The nurse was visibly annoyed at the difficulty in communication, and even rolled her eyes when she did not get the answer she wanted. When verbal communication is impossible, a person relies solely on body language. The nurse’s physical language was noticeably unkind. Finally frustrated, the nurse asked for the interpreter’s age and flippantly said, “We have to get another interpreter anyway because you’re not 18.”

When the doctor finally came in and saw we were using an interpreter, his own body language was immediately defensive and impatient. The interpreter on the phone only spoke Swahili, and while the mother spoke some Swahili, it is not her primary language.

The doctor tried to ask about a specific year, and being annoyed that he had not received a straight answer, said in English, “Just tell her to make up her mind.” Clearly, in her head she was not debating which year was more preferable; she simply did not understand the question. After performing some tests and returning the boy to the room, the doctor did not come back. Instead, he stood in the room next door, talking through the phone, not even looking at or standing in the same room as his patient. Even without verbal understanding, it would have given his mother some peace of mind to see him actively helping her son.
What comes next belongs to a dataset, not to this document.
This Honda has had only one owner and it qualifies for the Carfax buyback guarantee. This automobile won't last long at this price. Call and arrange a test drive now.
Brandeis is full of pre-med students, but we are unique in that we come from a university devoted to “social justice.” While the buzzword is frequently thrown around, what does it actually mean? Many of us want to “help people” and “change the world,” but, when we reach our professional goals, we need to remember just how people need help, and what kind of “change” is most important.
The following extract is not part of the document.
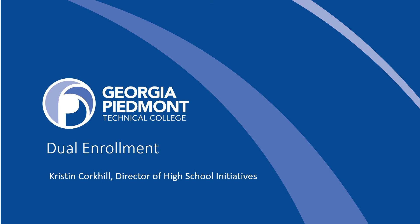Welcome to Georgia Piedmont Technical College. My name is Kristin Corkill and I'm the director of high school initiatives. I have the great pleasure of working with our students and school partners in DeKalb, Newton, and Rockdale counties. We're so excited you're interested in the high school dual enrollment program. It's a great opportunity for eligible students to get a jump start on their college and career experience. If you're ready, let's get started.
Social justice means providing people of all backgrounds with an equal opportunity and access to service. It means paying attention to how a person lives and learns, and understanding where she comes from. To be an effective professional of any kind you must treat a person, even one you cannot speak to, with respect and kindness.

Perhaps the doctor thought he was doing a great service to a family that had gone a very long time without treatment. But without the proper attitude, he cannot expect their trust and confidence in his care. Doctors pledge to “do no harm.” I think, however, that treating a person as if they are worth less because they do not speak English is a cause for harm.
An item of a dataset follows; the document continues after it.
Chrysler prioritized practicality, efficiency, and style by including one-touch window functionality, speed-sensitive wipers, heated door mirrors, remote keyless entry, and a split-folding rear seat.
The doctor was about to tell the family to come back another day, when I finally spoke up to take care of the paperwork. It is exceedingly difficult to receive and manage medical treatment if one does not speak English. After having scheduled a few further appointments, I accompanied the family to the doctor again. This time, the staff had completely different attitudes.

Maybe the previous visit happened on a bad day, but I think they were instead responding to my presence. I represented another person in the room who they knew could speak English, and who would understand their snide remarks and brusque manner.

It is wrong to discriminate against someone based on what language he or she speaks. Verbal language is not the only aspect of communication. Although I cannot speak with the Congolese family fluently, I am able to communicate with them through a mix of English, French and hand gestures. With just a few words, we can attempt to understand each other. When a refugee comes to the United States, they are provided with basic food, clothing and shelter, and eased into the social service and medical systems. But having a real life here depends on the interactions they have with other people. If we, as a community of neighbors, friends and providers, cannot be patient and respectful, we are making a negative impact on someone’s new start on life. It is only fair for us to treat them as we would like them to treat us.